From these three errors you can infer that the client has connected to the telemetry (MQXR)
service, but the service has found an error.
-
Consider what inferences can be drawn from the reason codes that the client produces when the
telemetry (MQXR) service does not respond:
Option |
Description |
REASON_CODE_CLIENT_EXCEPTION
REASON_CODE_CLIENT_TIMEOUT
|
Look for an FDC file at the server; see Server-side logs. When the
telemetry (MQXR) service detects the client has timed out, it writes a first-failure data capture
(FDC) file. It writes an FDC file whenever the connection is unexpectedly broken.
|
The telemetry (MQXR) service might not have responded to the client, and the timeout at the
client expires. The MQ Telemetry
Java client only hangs if the application has set an
indefinite timeout. The client throws one of these exceptions after the timeout set for
MqttClient.Connect expires with an undiagnosed connection problem.
Unless you find an FDC file that correlates with the connection failure you cannot infer that the
client tried to connect to the server:
-
Confirm that the client sent a connection request.
-
Does the remote socket address used by the client match the socket address defined for the
telemetry channel?
The default file persistence class in the Java SE MQTT client supplied with IBM® MQ Telemetry creates a folder with the name: clientIdentifier-tcphostNameport or clientIdentifier-sslhostNameport in the client working directory. The folder name tells you the hostName and port used in the connection attempt; see Client-side log files and client-side configuration files.
-
Can you ping the remote server address?
-
Does netstat on the server show the telemetry channel is running on the port
the client is connecting too?
-
Check whether the telemetry (MQXR) service found a problem in the client request.
The telemetry (MQXR) service writes errors it detects into mqxr_n.log, and
the queue manager writes errors into AMQERR01.LOG .
-
Attempt to isolate the problem by running another client.

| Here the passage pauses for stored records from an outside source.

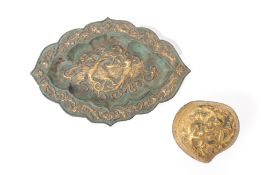 A CHINESE COPPER GILT BOX AND A PLATE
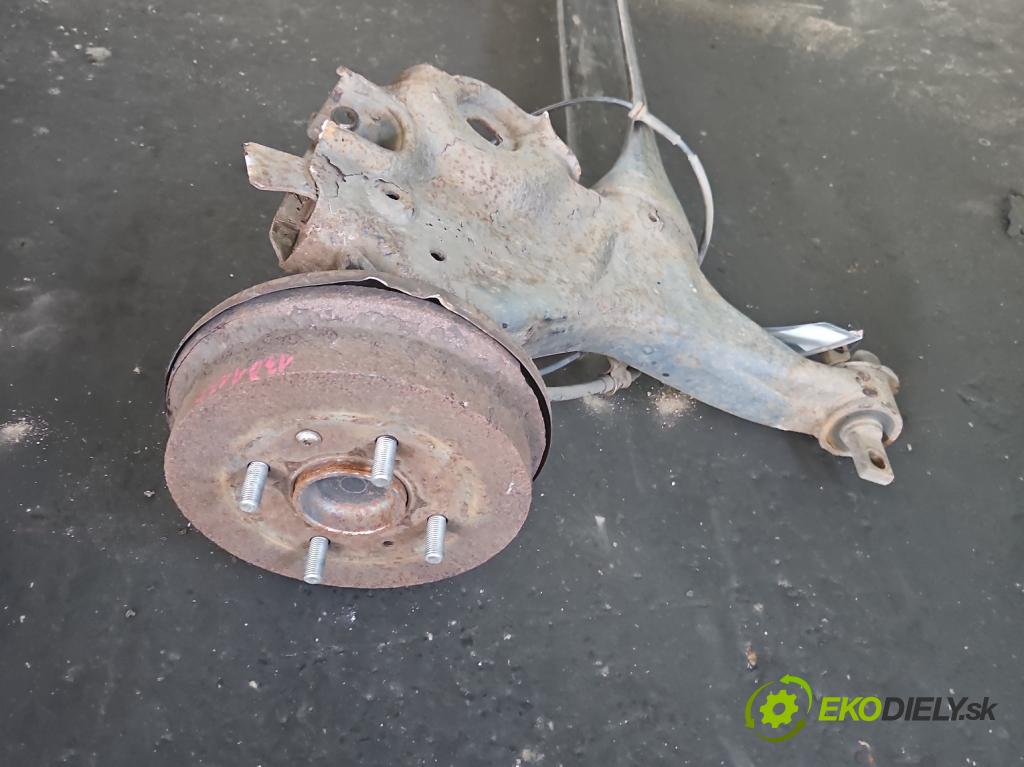 Mitsubishi Colt Z30 VI 2004-2012 1.3 16V 95 hp manual 70 kW 1332 cm3 5- zadní výztuha  (Výztuhy zadní)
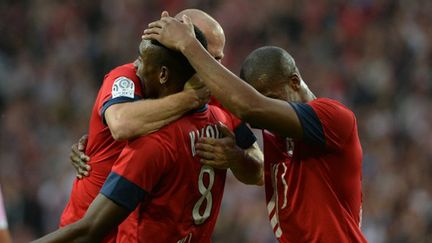 Salomon Kalou (Lille) félicité par ses coéquipiers (DENIS CHARLET / AFP)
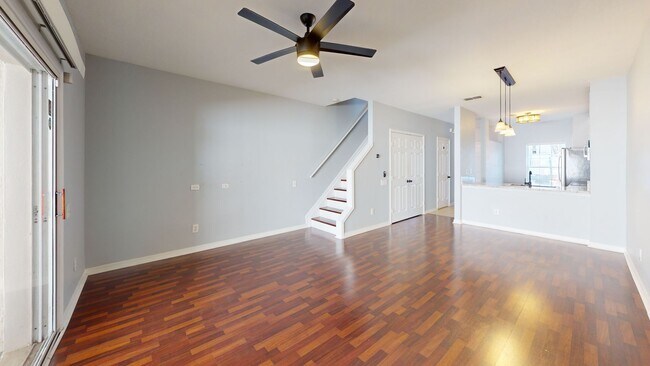 Foto del edificio - Welcome to The Seasons at Mill Cove, where...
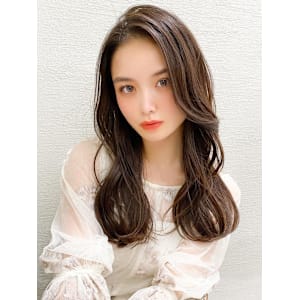 大人かわいいくびれヘアセミロング × ミルクティーベージュ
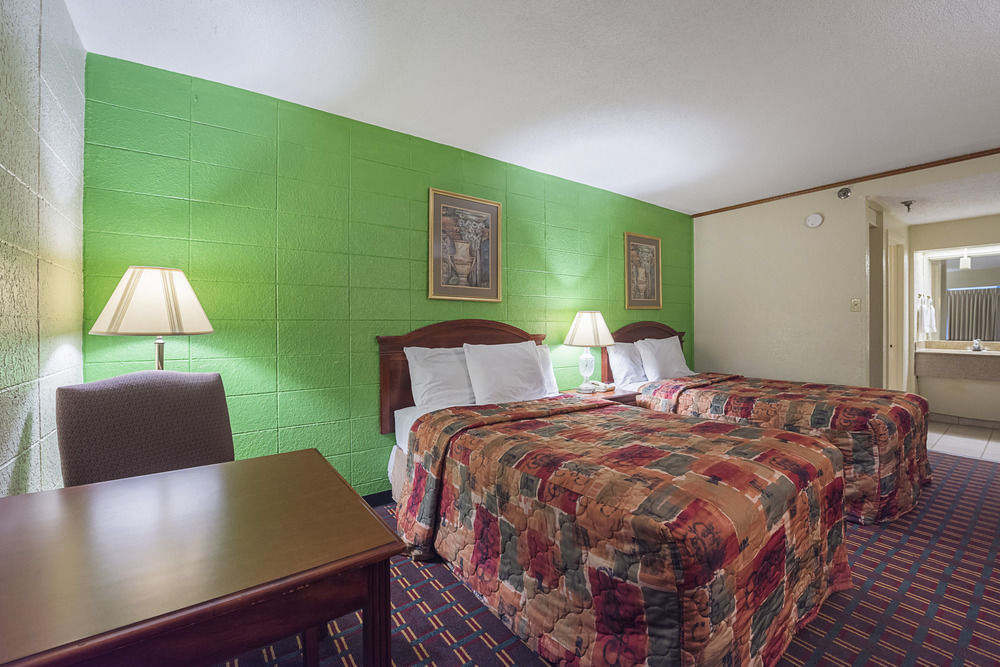 Bear Mount Inn & Suites Pigeon Forge Exterior foto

Run the sample programs on the server platform to eliminate uncertainties about the network
connection, then run the samples on the client platform.
-
Other things to check:
-
Are tens of thousands of MQTT clients trying to
connect at the same time?
Telemetry channels have a queue to buffer a backlog of incoming connections. Connections are
processed in excess of 10,000 a second. The size of the backlog buffer is configurable using the
telemetry channel wizard in IBM MQ Explorer. Its default
size is 4096. Check that the backlog has not been configured to a low value.
-
Are the telemetry (MQXR) service and queue manager still running?
-
Has the client connected to a high availability queue manager that has switched its TCPIP
address?
-
Is a firewall selectively filtering outbound or return data packets?